Autre « bizarrerie » quasi inguérissable causée par Internet : la très forte inclination de la finance en général et de la banque en particulier à abonder sans fin les caisses d’une myriade de start up qui savent leur faire miroiter des lendemains qui chantent fort sinon toujours juste. Certes, la finance, échaudée, est désormais plus regardante sur ces puits insondables mais elle continue à avoir les yeux de Chimène pour ces « pépites » qu’elle ne veut pas manquer. Ces start up, plus en quête visibilité que de viabilité, semble-t-il, fondent souvent leur modèle sur une application mobile pour le commerce les services. On connaît les fameuses non rentables – et controversées – Uber et Airbnb, mais beaucoup d’autres, inconnues du public, attirent les financeurs comme un aimant. Cela n’aurait guère d’importance si ces fonds considérables réservés à tant de chimères n’étaient soustraits au commerce physique qui a besoin de financements pour réussir sa transformation digitale.
 


Le magasin Spartoo à la Défense.
 


Un magasin Eram rue des Ternes à Paris. Les enseignes ont besoin de fonds pour leur transformation
digitale. Les banques préfèrent regarder du côté de la "Nouvelle économie".

 

Le commerce physique, c’est-à-dire la clientèle historique des banques, soit dit en passant. C’est une plainte que l’on a entendue récemment chez Procos, la fédération pour la promotion du commerce spécialisé (les fameuses « Enseignes »). Le commerce est en difficulté, les magasins comme les pure-players. Tous ont besoin de se réinventer à travers le « phygital » : les pure-players en intégrant un univers traditionnel qu’ils snobaient à leurs débuts, les magasins en se convertissant à la nouvelle religion du digital. Les enseignes, chaînes comme indépendants, qu’elles ressortissent à l’un ou l’autre monde, ont besoin de muter vers l’omnicanal. Mais cette transformation coûte cher. Le commerce de la mode est appauvri après trop de mauvaises campagnes successives, il n’a tout simplement pas les moyens (en dehors du luxe) de ses ambitions stratégiques.
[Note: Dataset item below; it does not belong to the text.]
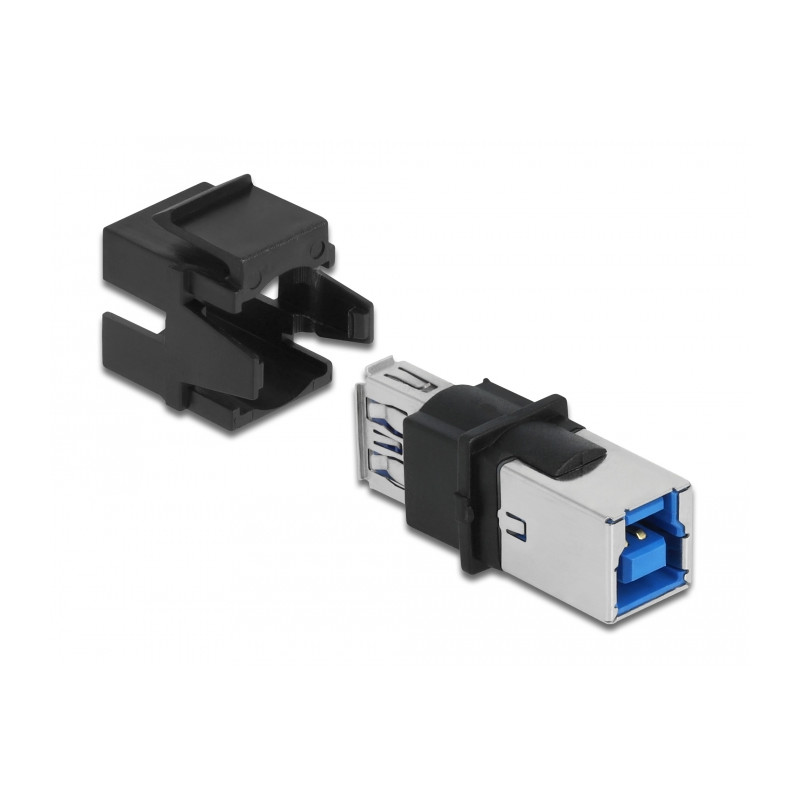 Delock Keystone Modul USB 5 Gbps A Buchse - USB 5 Gbps B Buchse schwarz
Car après le temps des faux semblants et des affirmations péremptoires proférés par les uns et les autres, la prudence et la raison ont pris le relais chez les acteurs du commerce et de la distribution. L’horizon du tout digital est bouché dans nombre de domaines dont celui du commerce de la chaussure tandis que le tout physique n’est plus une option, en tous cas à moyen terme, tous types de commerce confondus. Chacun doit désormais emprunter au meilleur des deux mondes pour donner naissance à une nouvelle expérience dans son commerce, qu’il ressortisse au « grand » commerce ou au commerce de proximité et au commerce indépendant en général. Les lubies des pionniers du tout digital comme les tentatives désespérées d’arrimage au monde ancien n’ont plus lieu d’être. Elles ont été la marque d’une certaine paresse devant l’inéluctable. La vraie révolution se passe en effet dans les esprits. Comme l’intendance, la révolution technologique suivra.